Check out my Magic Bus event announcement at Car Audio & Electronics Magazine!

Magic Bus Premiere


----------



## michaelsil1 (May 24, 2007)

A new and improved Magic Bus.


----------



## thehatedguy (May 4, 2007)

Wish you were closer to the east coast so I could see how my new and improved system would stack up. Might have some James Randi for the magic out there.


----------



## jon w. (Nov 14, 2008)

The bands I've lined up to play at my event are internationally renowned:

Saturday at 8PM: Gilbert Castellanos’ New Latin Jazz Quintet (featuring Gibert Castellanos on trumpet, Irving Flores on piano, Rob Thorsen on bass, Mike Holgiun on drums, and Charlie Chavez on congas) – Admission: $20

Sunday at 7PM: Nat Adderley, Jr. Quintet (featuring Nat Adderley on piano, Longineu Parsons on Cornet, Diron Holloway on saxophone, Trevor Ware on bass, and Roy McCurdy on drums) – Admission: $20

These are musicians you won't want to miss!

--Jon


----------



## newtitan (Mar 7, 2005)

best car I have ever heard, certainly worth the price of admission, and the CAE article was excellent imo


----------



## jon w. (Nov 14, 2008)

i just finished the slideshow detailing the fabrication of the new and improved Magic Bus, version 2.0. it consists of 726 photos spanning more than six years from start to finish. hundreds of the photos are new and previously unreleased, most of which detail the fabrication of the interior and the installation of the new Dynaudio drivers. i'm excited to share my unprecedented work with you, particularly because it represents current state-of-the-art in mobile room acoustics. i look forward to seeing all of you on april 23 and 24!
-- jon


----------



## jon w. (Nov 14, 2008)

Dynaudio North America, in gracious and wonderful support of my event, has provided a pair of Confidence C4 loudspeakers, along with a T+A digital source, preamplifier, and amplifier. Joe Kubala, of Kubala-Sosna, has graciously provided the audio cables for this demonstration. I arranged for this set-up to be exhibited indoors on the stage of Tango Del Rey during the morning and afternoon of each day so that attendees can EXPERIENCE the pleasure and thrill of high-end home audio. Representatives will be present to discuss topics in audio and answer any questions you may have. Feel free to bring your favorite recordings to hear how they REALLY should sound! 
-- Jon


----------



## astrochex (Aug 7, 2009)

I'm thinking about making this.


----------



## jon w. (Nov 14, 2008)

For those who are unable to attend my Magic Bus Car & Home Audio Exposition, I have something special for you, which will be almost as good as being there.

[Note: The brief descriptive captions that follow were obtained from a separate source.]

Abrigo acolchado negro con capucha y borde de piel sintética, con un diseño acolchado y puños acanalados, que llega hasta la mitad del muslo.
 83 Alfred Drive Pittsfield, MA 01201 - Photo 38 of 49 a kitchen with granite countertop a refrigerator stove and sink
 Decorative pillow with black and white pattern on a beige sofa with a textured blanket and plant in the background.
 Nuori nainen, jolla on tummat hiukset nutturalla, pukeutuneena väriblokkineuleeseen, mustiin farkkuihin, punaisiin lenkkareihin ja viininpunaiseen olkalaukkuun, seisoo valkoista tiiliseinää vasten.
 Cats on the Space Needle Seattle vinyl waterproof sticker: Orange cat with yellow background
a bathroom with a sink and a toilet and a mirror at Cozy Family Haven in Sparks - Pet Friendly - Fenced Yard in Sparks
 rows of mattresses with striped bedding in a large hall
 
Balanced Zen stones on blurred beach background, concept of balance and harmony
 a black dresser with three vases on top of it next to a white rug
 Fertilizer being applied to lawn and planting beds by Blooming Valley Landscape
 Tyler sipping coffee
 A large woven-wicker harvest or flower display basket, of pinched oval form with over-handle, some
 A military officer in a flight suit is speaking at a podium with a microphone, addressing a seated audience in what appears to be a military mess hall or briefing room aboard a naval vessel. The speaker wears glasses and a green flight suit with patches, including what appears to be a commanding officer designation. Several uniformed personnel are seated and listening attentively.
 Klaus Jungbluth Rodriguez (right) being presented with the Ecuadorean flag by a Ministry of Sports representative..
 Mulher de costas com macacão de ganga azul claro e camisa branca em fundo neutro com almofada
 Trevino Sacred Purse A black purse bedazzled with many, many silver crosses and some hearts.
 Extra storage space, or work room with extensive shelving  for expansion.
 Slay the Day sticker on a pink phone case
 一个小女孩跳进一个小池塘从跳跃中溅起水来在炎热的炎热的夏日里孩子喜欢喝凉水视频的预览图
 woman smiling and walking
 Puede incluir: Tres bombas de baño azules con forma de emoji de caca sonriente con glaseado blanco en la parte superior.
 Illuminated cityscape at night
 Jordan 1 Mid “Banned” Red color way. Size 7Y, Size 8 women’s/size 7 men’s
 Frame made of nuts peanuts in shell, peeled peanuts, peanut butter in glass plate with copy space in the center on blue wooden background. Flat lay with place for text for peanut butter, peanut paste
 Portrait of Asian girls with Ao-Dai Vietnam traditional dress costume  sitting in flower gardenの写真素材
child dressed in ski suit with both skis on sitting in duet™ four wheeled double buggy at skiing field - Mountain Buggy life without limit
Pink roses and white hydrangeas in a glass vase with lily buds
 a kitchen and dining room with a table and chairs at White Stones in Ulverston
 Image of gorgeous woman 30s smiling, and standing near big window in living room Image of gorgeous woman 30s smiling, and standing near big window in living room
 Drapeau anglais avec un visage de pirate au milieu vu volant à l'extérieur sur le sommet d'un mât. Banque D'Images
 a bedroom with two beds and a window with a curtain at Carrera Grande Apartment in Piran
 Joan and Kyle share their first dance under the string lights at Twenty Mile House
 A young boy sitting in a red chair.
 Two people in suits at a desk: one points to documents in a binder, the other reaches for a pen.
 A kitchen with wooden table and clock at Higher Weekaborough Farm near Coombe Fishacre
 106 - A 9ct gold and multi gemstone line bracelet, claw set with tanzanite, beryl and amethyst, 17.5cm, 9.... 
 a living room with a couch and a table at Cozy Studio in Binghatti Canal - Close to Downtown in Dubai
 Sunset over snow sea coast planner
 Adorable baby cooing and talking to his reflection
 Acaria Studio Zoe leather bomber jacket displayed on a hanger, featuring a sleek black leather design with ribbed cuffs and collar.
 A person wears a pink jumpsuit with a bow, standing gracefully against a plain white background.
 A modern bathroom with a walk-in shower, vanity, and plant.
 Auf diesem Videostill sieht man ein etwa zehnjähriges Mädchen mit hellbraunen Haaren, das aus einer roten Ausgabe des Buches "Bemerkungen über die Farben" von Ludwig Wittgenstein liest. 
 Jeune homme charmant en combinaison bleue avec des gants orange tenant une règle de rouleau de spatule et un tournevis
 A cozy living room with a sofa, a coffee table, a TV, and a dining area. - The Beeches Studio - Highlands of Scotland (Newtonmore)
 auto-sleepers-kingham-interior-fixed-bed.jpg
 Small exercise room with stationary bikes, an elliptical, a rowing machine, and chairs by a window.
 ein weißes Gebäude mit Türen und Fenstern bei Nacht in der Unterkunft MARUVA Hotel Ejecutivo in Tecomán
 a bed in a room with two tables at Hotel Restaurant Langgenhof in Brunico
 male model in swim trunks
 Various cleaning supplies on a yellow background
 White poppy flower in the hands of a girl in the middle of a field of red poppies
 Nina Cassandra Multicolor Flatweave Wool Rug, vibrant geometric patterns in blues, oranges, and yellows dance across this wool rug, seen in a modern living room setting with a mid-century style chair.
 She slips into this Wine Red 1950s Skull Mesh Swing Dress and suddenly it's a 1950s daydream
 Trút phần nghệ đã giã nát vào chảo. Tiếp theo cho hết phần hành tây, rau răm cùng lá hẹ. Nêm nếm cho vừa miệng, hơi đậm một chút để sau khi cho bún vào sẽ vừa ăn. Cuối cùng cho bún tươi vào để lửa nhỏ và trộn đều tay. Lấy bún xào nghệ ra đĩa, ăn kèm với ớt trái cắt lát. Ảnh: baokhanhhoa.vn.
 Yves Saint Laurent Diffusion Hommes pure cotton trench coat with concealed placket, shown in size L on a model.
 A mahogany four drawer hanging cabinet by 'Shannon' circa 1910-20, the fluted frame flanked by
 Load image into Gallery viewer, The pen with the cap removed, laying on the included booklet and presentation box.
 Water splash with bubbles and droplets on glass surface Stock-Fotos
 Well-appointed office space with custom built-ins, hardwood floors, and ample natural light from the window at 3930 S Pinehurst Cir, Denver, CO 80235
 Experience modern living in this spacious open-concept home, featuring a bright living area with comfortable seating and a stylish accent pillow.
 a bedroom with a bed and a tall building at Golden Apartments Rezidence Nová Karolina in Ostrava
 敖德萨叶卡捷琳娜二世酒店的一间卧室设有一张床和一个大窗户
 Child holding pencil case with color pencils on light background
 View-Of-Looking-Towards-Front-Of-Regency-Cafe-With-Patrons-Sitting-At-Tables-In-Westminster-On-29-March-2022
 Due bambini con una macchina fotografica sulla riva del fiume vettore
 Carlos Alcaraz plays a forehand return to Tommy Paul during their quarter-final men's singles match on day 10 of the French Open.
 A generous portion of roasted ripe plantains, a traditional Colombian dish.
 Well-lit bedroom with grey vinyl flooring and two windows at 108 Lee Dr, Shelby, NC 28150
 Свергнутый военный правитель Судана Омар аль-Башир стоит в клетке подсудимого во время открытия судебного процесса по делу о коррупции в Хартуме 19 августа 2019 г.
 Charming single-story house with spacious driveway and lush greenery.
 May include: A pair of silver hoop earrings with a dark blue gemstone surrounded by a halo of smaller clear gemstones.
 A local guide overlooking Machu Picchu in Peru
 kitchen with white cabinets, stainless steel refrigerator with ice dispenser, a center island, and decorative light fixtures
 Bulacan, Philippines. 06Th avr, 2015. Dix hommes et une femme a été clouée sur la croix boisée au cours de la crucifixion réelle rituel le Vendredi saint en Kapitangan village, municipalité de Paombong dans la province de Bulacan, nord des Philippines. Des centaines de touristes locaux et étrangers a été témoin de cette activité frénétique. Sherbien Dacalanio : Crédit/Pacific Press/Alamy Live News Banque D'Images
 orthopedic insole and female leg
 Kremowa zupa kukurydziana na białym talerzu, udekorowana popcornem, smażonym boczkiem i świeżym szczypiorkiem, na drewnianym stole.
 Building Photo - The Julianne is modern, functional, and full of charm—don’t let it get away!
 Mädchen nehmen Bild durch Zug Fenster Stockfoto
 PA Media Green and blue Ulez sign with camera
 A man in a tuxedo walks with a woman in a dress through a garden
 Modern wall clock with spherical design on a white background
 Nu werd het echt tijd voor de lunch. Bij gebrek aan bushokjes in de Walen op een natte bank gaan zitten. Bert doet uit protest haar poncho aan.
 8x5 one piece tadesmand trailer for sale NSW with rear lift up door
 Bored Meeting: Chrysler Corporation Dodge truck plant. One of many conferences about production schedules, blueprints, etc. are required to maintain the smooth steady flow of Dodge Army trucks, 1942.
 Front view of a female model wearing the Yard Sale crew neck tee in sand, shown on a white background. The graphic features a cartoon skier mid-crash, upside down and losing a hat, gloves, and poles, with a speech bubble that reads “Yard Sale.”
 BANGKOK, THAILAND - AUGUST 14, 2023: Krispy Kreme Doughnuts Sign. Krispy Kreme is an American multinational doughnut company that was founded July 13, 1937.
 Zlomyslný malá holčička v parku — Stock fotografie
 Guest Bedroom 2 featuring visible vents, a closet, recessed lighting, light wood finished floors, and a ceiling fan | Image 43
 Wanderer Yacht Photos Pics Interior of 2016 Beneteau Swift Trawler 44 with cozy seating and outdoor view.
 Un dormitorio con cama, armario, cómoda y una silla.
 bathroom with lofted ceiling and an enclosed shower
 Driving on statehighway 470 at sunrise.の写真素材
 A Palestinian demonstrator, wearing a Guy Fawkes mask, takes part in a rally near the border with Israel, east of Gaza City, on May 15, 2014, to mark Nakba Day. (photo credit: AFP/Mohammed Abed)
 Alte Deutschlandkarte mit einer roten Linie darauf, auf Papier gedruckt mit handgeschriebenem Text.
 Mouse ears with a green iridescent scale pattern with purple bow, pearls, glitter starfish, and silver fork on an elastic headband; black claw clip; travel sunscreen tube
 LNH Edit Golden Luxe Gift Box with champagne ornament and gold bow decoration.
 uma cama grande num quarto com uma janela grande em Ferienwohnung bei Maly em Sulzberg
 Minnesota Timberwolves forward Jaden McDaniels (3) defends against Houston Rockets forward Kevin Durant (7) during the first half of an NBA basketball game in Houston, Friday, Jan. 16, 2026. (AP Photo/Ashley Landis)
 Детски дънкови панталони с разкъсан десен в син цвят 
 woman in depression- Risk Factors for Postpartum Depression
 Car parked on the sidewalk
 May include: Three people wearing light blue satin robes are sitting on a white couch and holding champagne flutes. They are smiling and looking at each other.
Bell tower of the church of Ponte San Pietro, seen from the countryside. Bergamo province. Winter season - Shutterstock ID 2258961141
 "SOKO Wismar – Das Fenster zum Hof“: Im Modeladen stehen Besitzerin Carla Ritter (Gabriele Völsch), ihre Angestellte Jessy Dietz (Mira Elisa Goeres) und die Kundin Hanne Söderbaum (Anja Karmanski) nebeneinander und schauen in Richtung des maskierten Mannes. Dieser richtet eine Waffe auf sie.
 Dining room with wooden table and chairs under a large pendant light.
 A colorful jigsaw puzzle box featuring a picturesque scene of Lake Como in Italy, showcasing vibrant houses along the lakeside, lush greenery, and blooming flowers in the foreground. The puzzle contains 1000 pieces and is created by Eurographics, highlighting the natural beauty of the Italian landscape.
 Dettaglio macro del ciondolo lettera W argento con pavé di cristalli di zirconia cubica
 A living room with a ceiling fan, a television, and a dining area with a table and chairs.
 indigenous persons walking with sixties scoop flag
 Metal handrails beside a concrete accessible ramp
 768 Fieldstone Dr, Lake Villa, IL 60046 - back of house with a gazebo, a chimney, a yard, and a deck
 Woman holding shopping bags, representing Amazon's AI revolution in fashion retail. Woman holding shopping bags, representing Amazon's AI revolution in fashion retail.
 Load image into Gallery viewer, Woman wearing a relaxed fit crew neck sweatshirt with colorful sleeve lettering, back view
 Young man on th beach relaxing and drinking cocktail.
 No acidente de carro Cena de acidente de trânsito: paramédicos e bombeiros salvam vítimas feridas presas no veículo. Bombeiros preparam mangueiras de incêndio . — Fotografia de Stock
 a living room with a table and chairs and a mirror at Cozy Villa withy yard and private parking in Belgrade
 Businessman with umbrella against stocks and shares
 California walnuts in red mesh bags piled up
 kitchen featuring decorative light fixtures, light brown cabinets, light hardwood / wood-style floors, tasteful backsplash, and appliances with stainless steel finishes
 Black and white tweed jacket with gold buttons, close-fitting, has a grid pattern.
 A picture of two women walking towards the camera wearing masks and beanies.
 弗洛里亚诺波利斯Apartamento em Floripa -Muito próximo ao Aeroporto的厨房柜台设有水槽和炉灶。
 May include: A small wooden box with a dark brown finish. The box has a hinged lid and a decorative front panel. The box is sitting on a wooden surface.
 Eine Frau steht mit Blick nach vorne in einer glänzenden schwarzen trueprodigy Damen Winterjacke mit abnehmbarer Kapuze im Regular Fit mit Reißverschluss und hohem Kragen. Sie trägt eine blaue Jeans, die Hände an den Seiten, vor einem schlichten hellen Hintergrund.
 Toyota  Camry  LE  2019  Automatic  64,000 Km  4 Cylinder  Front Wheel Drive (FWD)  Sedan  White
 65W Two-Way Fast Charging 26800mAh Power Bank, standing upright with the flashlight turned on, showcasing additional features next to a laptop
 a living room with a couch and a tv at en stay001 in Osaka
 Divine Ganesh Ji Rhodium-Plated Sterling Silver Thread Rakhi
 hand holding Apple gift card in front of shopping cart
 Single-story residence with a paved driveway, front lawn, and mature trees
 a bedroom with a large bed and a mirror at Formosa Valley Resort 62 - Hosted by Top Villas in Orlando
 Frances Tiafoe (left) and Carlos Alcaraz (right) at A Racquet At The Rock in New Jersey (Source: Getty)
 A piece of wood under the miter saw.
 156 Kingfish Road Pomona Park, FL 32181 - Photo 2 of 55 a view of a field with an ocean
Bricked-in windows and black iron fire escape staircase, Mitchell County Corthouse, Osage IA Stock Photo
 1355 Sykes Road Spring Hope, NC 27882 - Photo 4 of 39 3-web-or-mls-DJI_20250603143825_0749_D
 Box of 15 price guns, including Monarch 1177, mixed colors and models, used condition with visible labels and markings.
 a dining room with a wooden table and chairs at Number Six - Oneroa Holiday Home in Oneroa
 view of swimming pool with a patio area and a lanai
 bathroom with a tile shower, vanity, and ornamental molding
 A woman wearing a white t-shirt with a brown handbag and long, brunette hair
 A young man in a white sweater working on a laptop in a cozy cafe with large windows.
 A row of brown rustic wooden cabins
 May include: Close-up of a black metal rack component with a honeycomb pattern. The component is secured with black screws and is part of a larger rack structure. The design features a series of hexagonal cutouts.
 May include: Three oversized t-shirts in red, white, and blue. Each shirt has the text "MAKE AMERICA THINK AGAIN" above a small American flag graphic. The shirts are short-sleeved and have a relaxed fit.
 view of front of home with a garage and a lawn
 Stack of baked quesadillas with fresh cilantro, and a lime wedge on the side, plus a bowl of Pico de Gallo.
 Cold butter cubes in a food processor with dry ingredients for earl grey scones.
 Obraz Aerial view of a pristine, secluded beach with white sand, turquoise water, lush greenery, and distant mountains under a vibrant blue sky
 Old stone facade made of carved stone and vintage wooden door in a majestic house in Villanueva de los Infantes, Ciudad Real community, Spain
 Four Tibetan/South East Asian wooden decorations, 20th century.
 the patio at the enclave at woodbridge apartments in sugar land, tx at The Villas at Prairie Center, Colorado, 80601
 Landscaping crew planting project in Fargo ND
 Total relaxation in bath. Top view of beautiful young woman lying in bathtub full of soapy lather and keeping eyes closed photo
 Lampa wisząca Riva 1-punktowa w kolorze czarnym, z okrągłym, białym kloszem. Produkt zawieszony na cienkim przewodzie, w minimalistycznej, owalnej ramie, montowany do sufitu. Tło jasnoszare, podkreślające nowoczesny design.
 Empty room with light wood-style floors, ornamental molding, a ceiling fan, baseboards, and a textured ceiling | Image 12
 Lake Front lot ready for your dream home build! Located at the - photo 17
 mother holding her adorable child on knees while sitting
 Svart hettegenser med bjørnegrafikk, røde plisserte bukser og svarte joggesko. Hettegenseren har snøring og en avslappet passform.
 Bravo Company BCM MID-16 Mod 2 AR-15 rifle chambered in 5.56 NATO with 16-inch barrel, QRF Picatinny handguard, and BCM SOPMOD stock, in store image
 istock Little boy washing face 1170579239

Tango Del Rey has arranged to broadcast my event live, and in real-time, via internet streaming video. Please tune in on the web at Home on Saturday, April 23, at 8PM for my opening ceremony, followed by a fabulous latin jazz concert by the Gilbert Castellanos Quintet. Then on Sunday, April 24, tune in on the web at 7PM for an incredible performance by the Nat Adderley, Jr., Quintet.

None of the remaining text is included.